Ovviamente, la scelta è estremamente personale e da valutarsi con attenzione, a seconda delle proprie esigenze: normalmente, chi si affida alla previdenza complementare lo fa perché mosso dalla volontà di integrare la pensione obbligatoria e migliorare dunque la propria condizione da pensionato; viceversa, la liquidazione in un'unica soluzione può risolvere contingenze economiche del momento, ma esporre al rischio di difficoltà al protrarsi dell'età anziana. 

 

Come e da chi viene erogata la rendita pensionistica? 

A seconda che il fondo pensione di riferimento soddisfi o meno determinati requisiti fissati dalla legge, la rendita pensionistica complementare sarà erogata o direttamente dal fondo o dall’eventuale impresa assicuratrice con cui è convenzionato.

In entrambi i casi, l’importo è comunque espressione di un preciso calcolo matematico, che è a sua volta funzione dell’applicazione al risparmio previdenziale accumulato dall’iscritto di un apposito coefficiente di trasformazione. Coefficiente di trasformazione dipendente da almeno 3 diversi fattori: la speranza di vita al momento del pensionamento, i costi applicati e il cosiddetto tasso tecnico, vale a dire il tasso di rendimento minimo garantito al momento della determinazione della rendita. 

 

Non solo “pensione di scorta”… 

Sebbene tipicamente associata alla sola eventualità di una pensione integrativa rispetto a quella pubblica, l’adesione a una forma pensionistica complementare consente in realtà l’accesso a diversi tipi di prestazioni già durante la fase di contribuzione e quindi durante la propria attività professionale, vale a dire ancor prima di aver maturato i requisiti per il pensionamento. Secondo le disposizioni normative vigenti, è ad esempio possibile prelevare somme a titolo di anticipazione o di riscatto in relazione a determinate situazioni di difficoltà individuate dalla legge e dal fondo pensione di riferimento (spese sanitarie, acquisto/ristrutturazione prima casa, sostegno al reddito in caso di sospensioni/riduzioni dell’attività lavorativa). Naturalmente, resta inteso in caso di anticipazioni che le somme prelevate – e non reintegrate - vanno a ridurre la posizione individuale e, di conseguenza, il montante di cui si disporrà al momento del pensionamento.

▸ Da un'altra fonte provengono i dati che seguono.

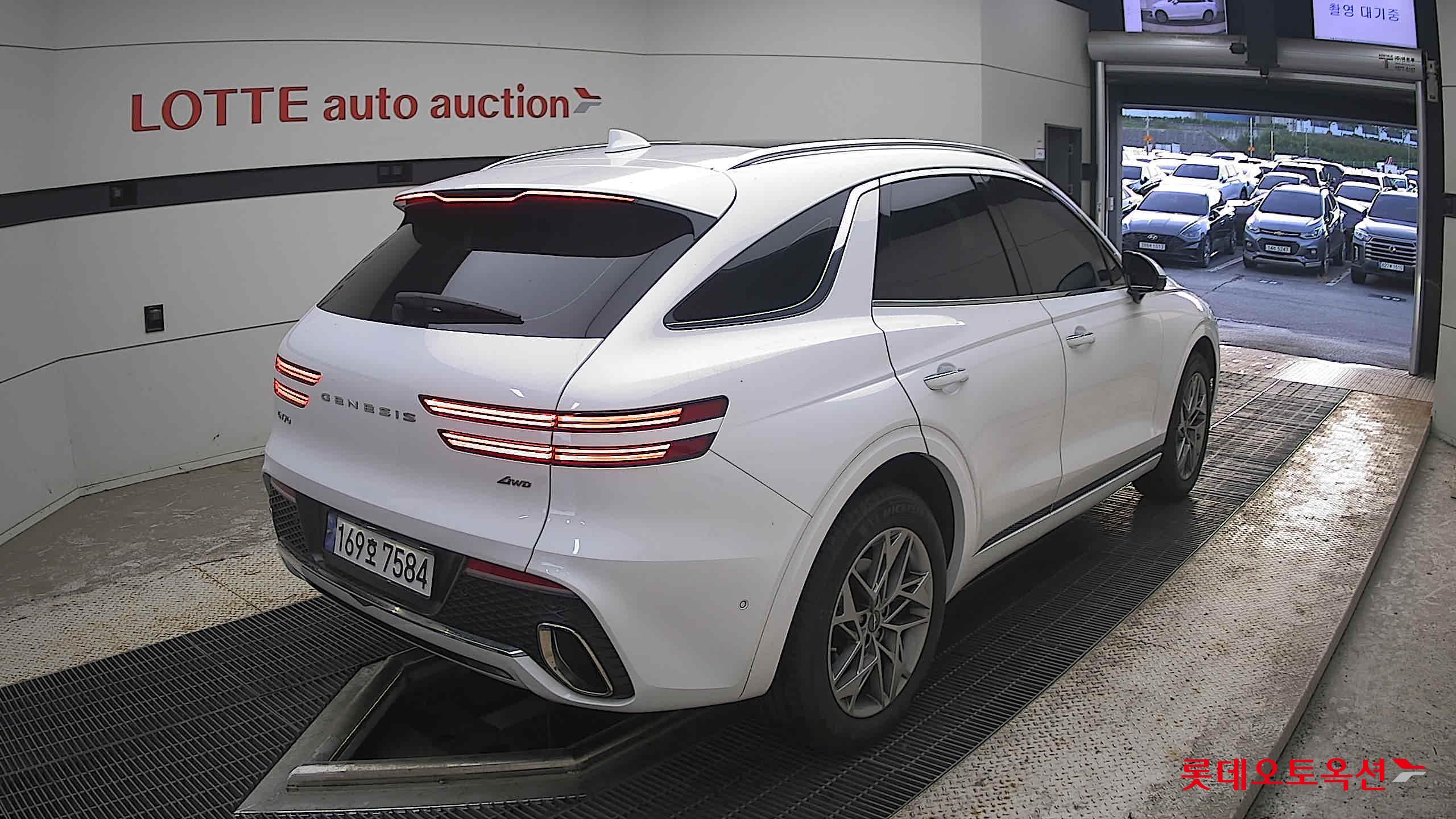2022 - genesis gv70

Ulteriori opzioni sono poi quella del trasferimento della propria posizione individuale presso un’altra forma pensionistica complementare e, in presenza di specifici requisiti definiti dalla legge, nella possibilità di fruire della RITA (Rendita Integrativa Temporanea Anticipata), che consiste nell’erogazione frazionata del montante accumulato dell’aderente a una forma pensionistica sotto forma di rendita fino al conseguimento dell’età anagrafica per l’accesso alla pensione di vecchiaia.